◆ **What you will do**
Beginning with the line of the entries below that holds "Pegatina para PS4" and ending with the line that holds "The Jack building", transcribe each line exactly as written. Pictures stay out.

◆ **Data under study**
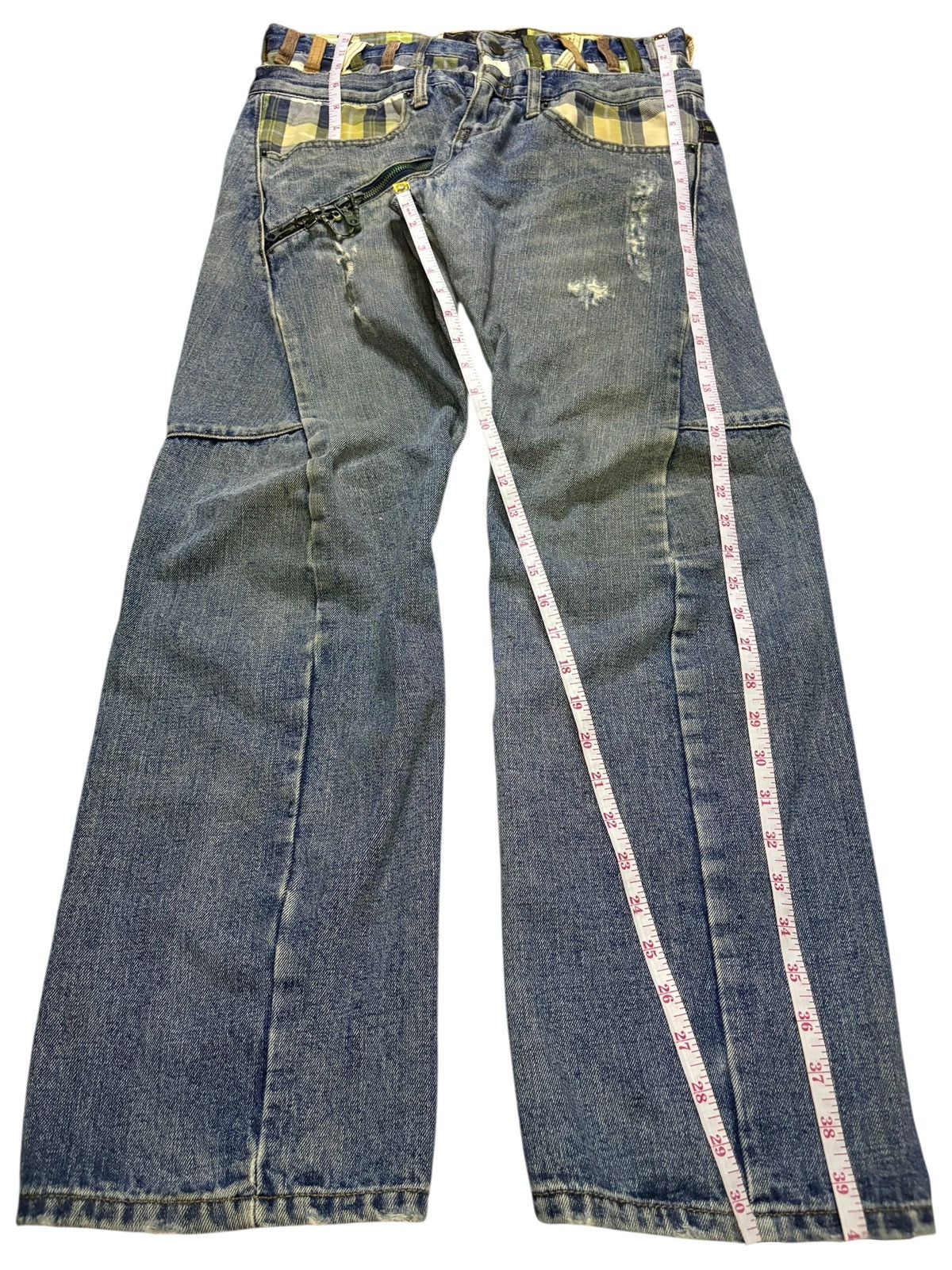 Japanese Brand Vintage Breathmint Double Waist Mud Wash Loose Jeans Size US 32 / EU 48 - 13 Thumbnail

...

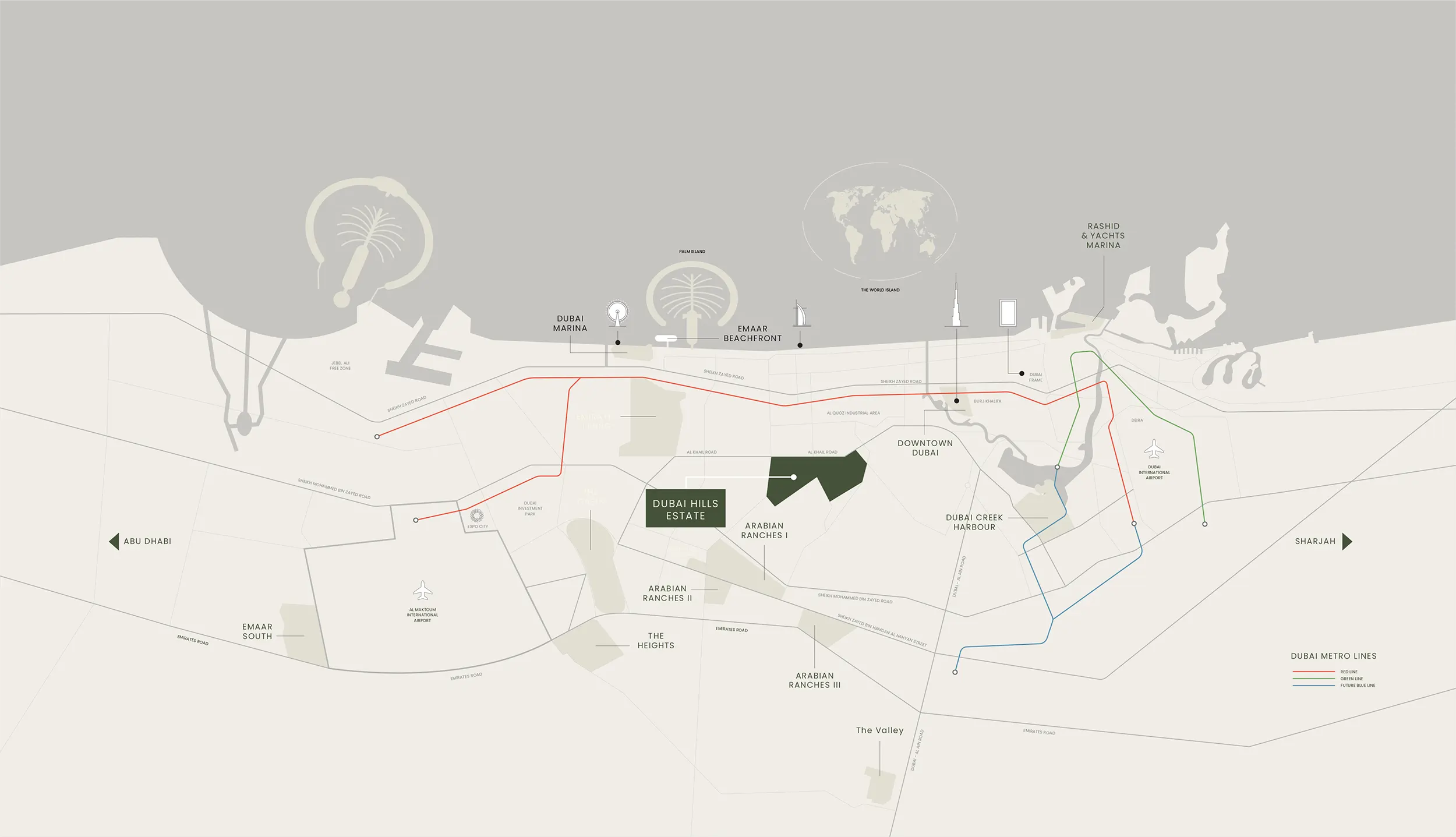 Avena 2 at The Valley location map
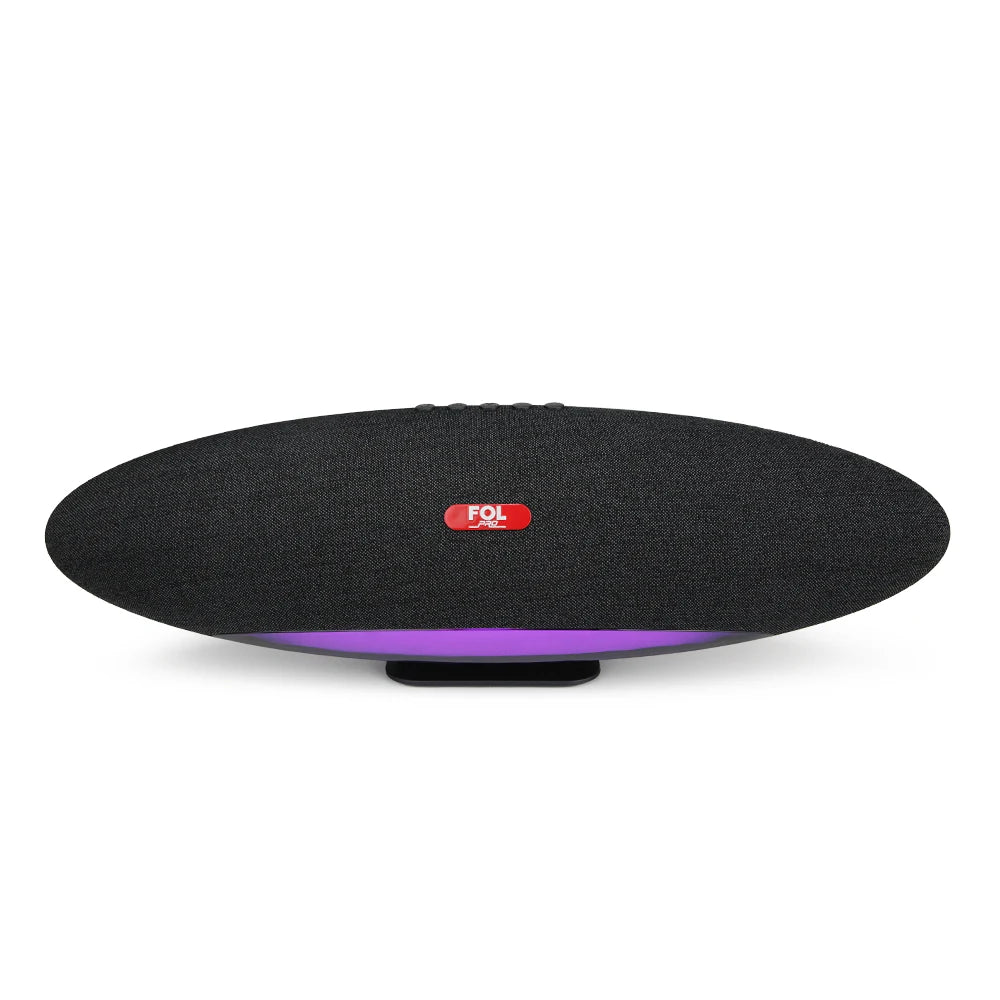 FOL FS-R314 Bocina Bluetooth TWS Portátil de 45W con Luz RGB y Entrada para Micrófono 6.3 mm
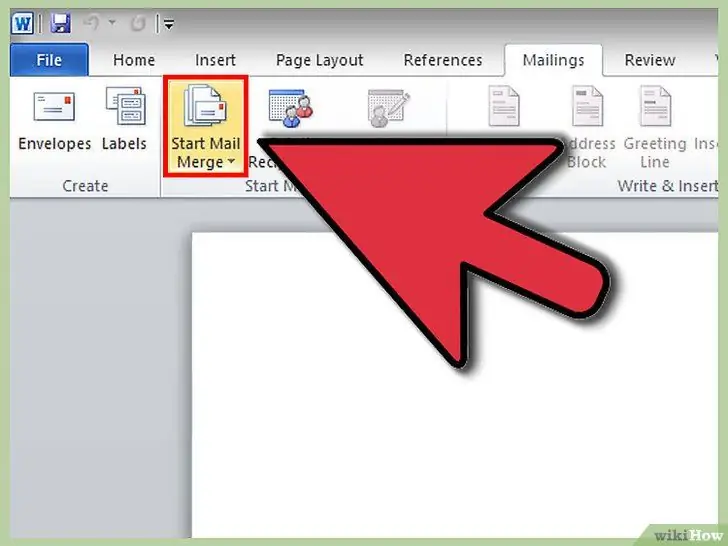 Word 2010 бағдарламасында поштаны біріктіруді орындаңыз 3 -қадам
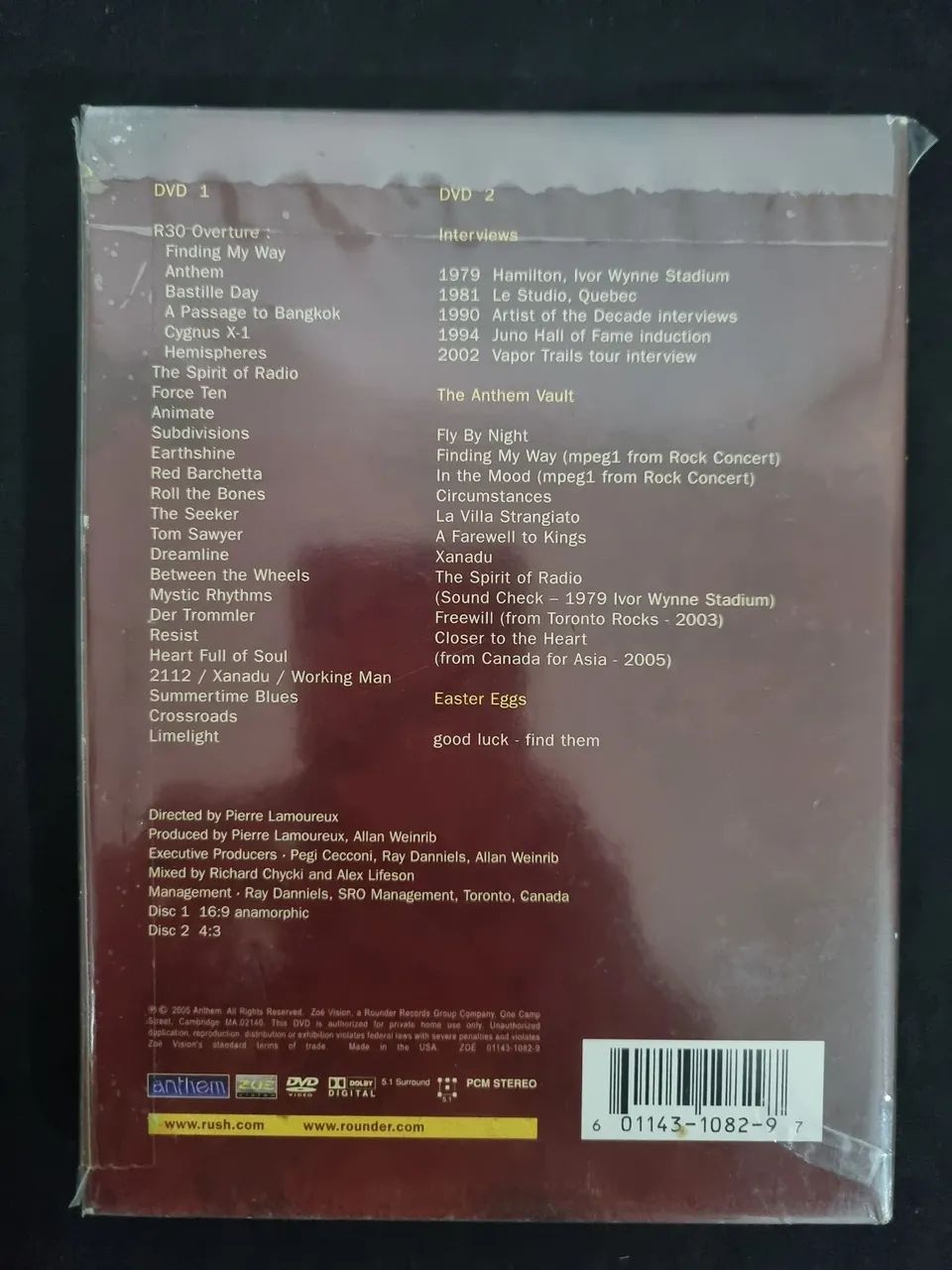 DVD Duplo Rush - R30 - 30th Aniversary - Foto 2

--

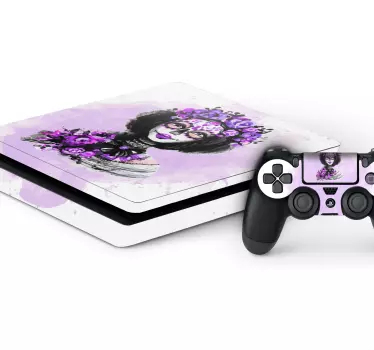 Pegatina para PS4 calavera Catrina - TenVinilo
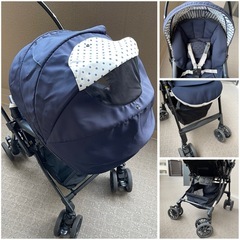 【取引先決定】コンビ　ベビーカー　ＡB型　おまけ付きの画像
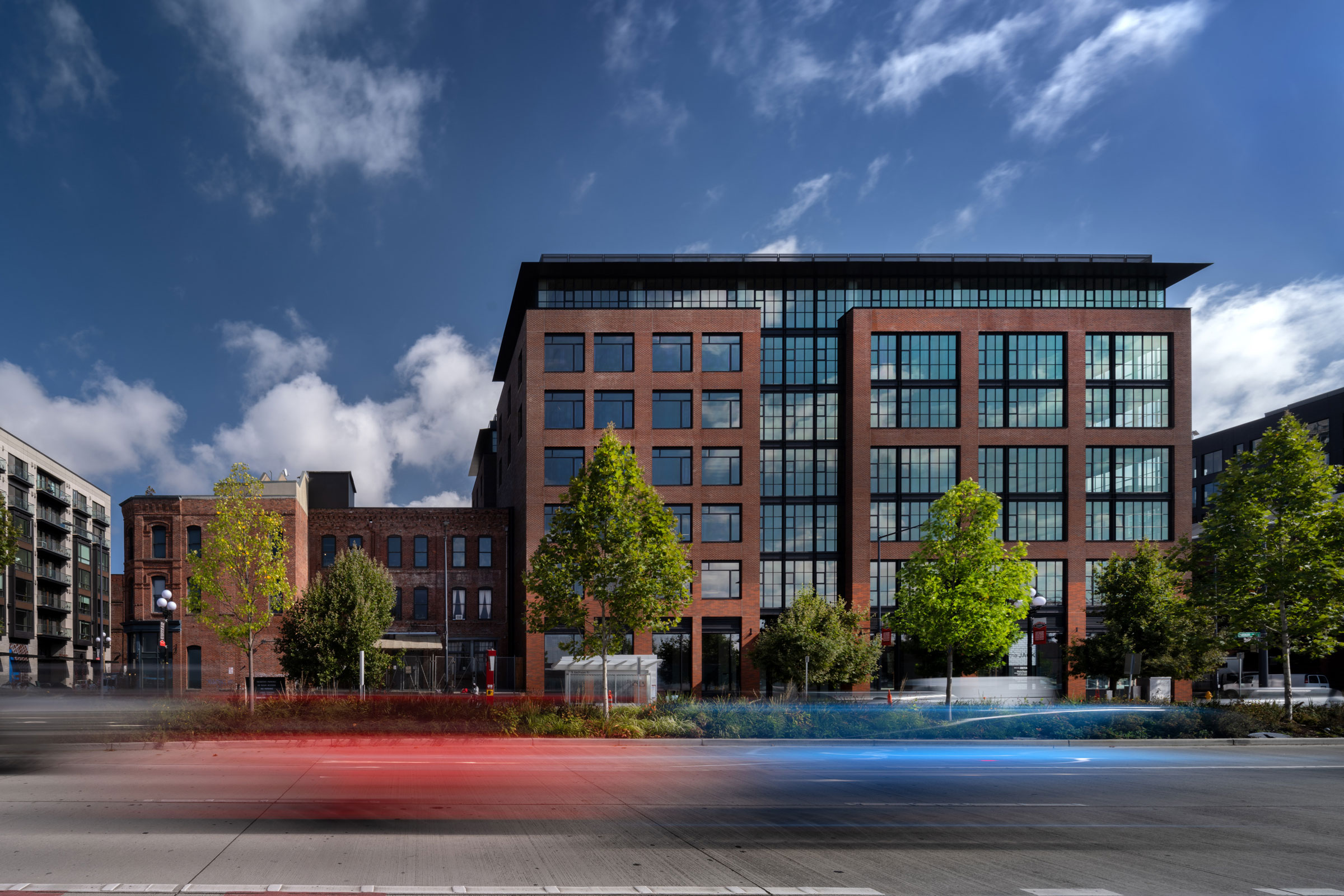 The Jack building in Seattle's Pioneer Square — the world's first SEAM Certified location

◆ **Reply to the exercise**
 Pegatina para PS4 calavera Catrina - TenVinilo
 【取引先決定】コンビ　ベビーカー　ＡB型　おまけ付きの画像
 The Jack building in Seattle's Pioneer Square — the world's first SEAM Certified location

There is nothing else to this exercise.